La fine che coincide con un nuovo inizio: quale, non si sa. Era il 98’ meno sette secondi, quando Calafiori ha «esalato» l’ultima preghiera e Zaccagni l’ha esaudita: 1-1, Italia agli ottavi (sabato con la Svizzera), Croazia all’inferno. E’ il calcio, e il risultato ci sta tutto, al di là del pathos e della consecutio temporum. Avanti, c’erano andati i croati, con Modric (39 anni il 9 settembre): prima il rigore, di destro, sventato da Donnarumma (il migliore, ancora); poi, di sinistro, poco dopo e dopo, soprattutto, l’ennesima paratona del Gigio su Budimir. Il centravanti cui è ridotto Dalic.
In casi del genere, scritto che la Croazia continuiamo a non batterla, il risultato inghiotte tutto, la personalità carente, la qualità modesta, le scelte (Di Lorenzo e Jorginho titolari, di nuovo), quel senso di sbadigliante impotenza che ci ha accompagnato per un’ora: sino, cioè, alla pugnalata improvvisa di Luka. Il miracolo di Livakovic sull’incornata di Bastoni sembrava un indizio: invece no, fu un cerino spento da un soffio di noia.

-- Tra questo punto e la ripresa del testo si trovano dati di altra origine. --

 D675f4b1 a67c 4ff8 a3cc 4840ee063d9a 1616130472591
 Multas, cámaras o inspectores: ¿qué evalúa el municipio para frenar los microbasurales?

Spalletti aveva cambiato modulo, dal 4-2-3-1 al 3-5- 2, e, una volta sotto, ha affiancato a Retegui tutta l’artiglieria: Scamacca, Chiesa, Zaccagni. C’è stato spazio persino per Fagioli. Spaccato l’equilibrio, la Croazia si è difesa a catenaccio. L’ingresso di Budimir le aveva offerto un minimo di fisicità in area, ma se non esci mai dall’accampamento, rischi che prima o poi qualcosa succeda. Ed è successo. Mentre il ct ritirava Modric, e Brozovic sbuffava, la paura dei nostri è diventata coraggio e disperazione. Donnarumma, certo. E Calafiori: ammonito, salterà la sfida con Ndoye. Dall’autogol con le furie all’azionissima di Lipsia. Testa alta, gran visione. E quel destro a giro, delpieresco, di Zaccagni. Non tutte le «salme» finiscono in gloria: questa , sì. Fiuuuuuuuuuuuuu.